◆ Problem statement:
Transcribe only the lines in the data below falling between the line with "FAQs about Jurnee Smollett" and the line with "brian swanson illustration", including those two lines, and leave out any picture.

◆ Provided data:
* * *

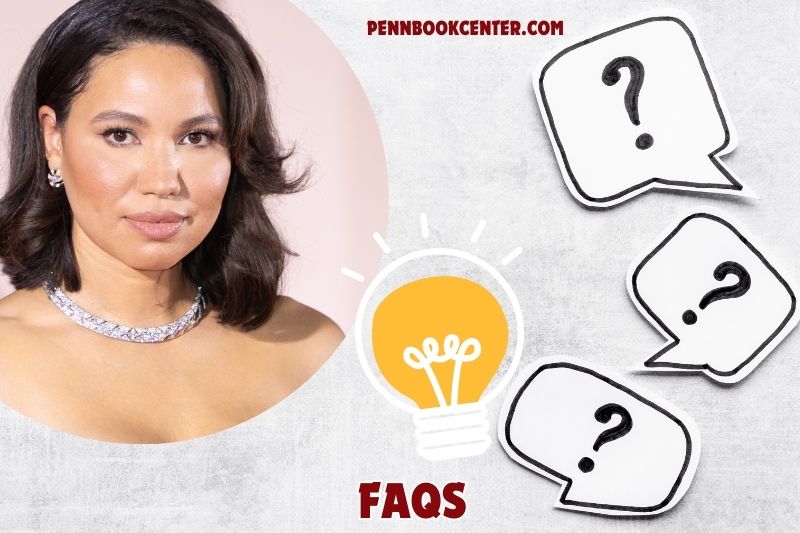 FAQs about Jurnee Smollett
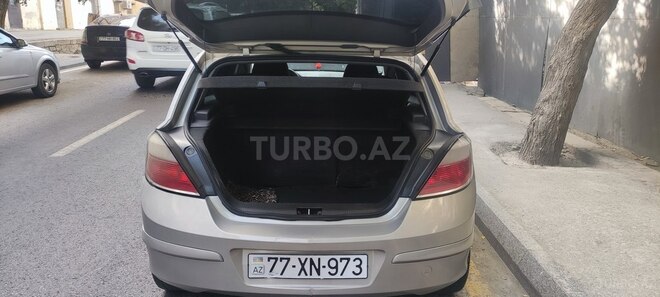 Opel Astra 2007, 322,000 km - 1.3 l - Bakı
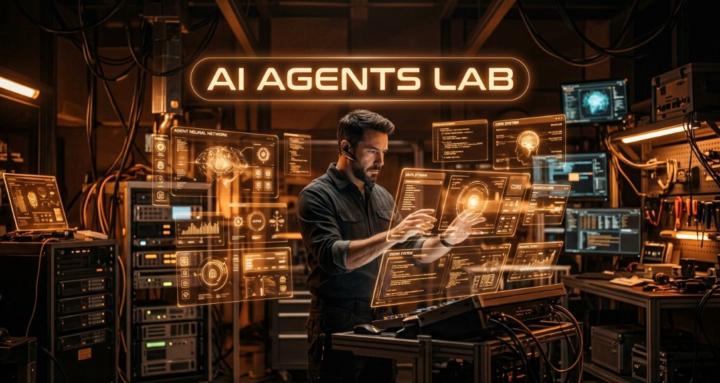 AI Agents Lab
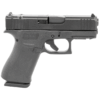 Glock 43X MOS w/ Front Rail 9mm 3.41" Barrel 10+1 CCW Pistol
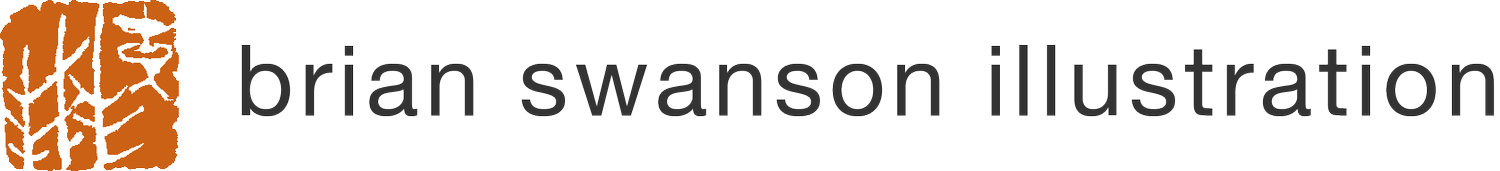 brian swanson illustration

* * *

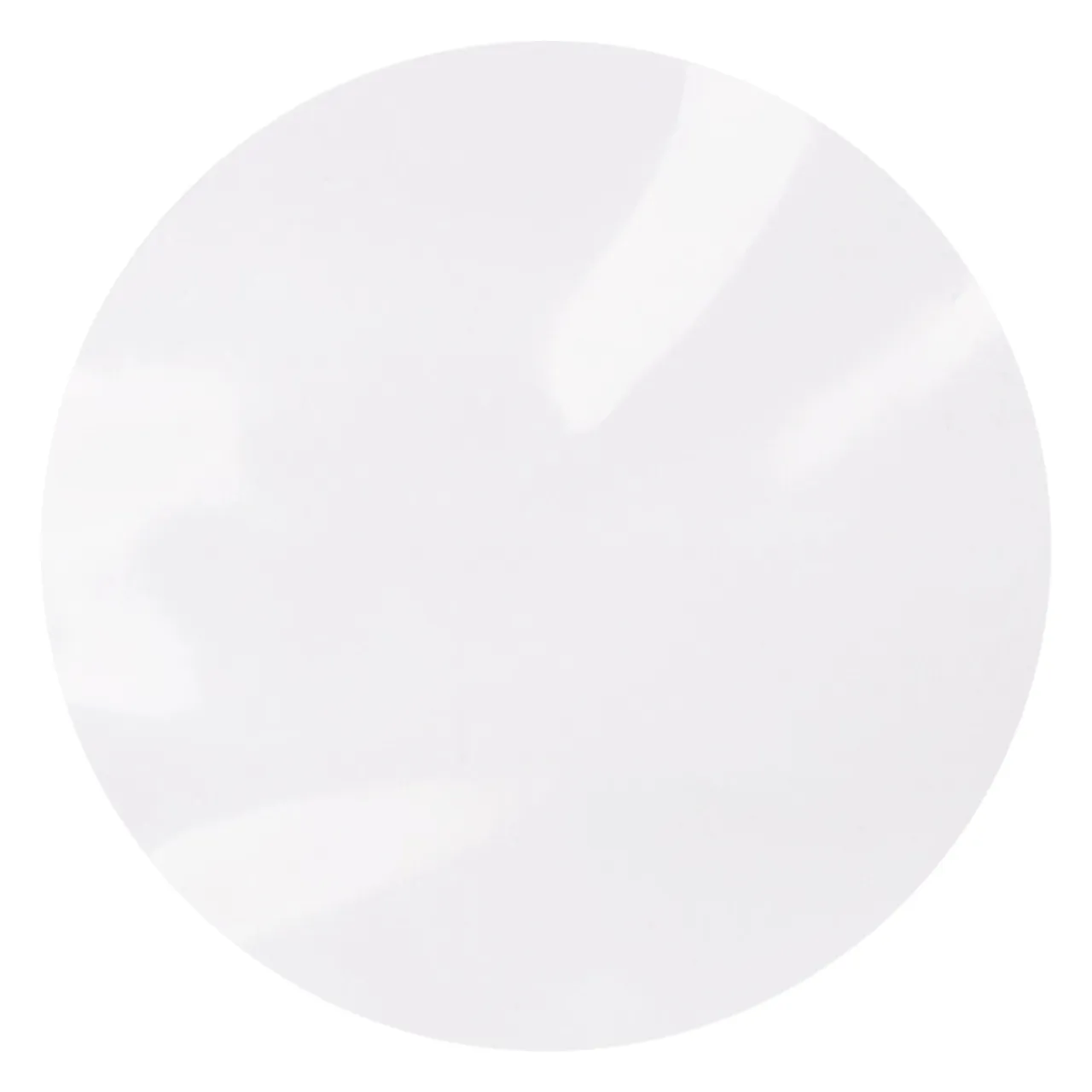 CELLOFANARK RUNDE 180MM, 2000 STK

* * *

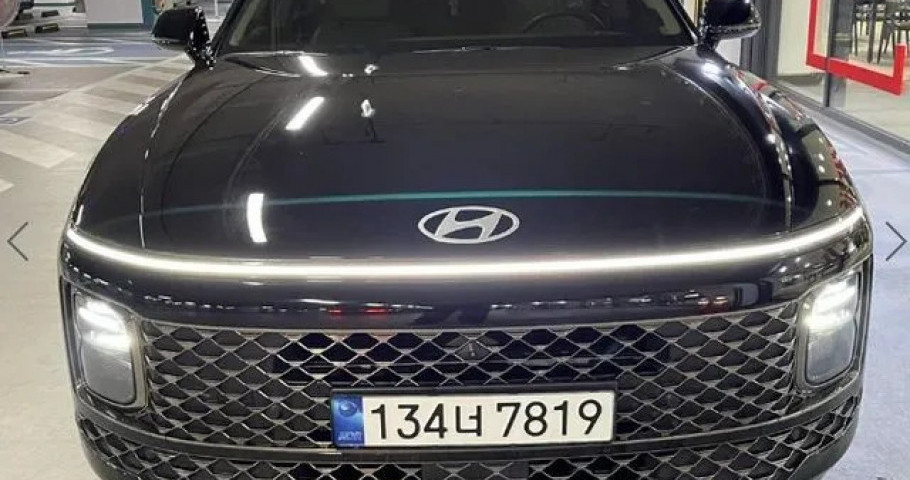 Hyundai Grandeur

* * *

◆ Output for this exercise:
 FAQs about Jurnee Smollett
 Opel Astra 2007, 322,000 km - 1.3 l - Bakı
 AI Agents Lab
 Glock 43X MOS w/ Front Rail 9mm 3.41" Barrel 10+1 CCW Pistol
 brian swanson illustration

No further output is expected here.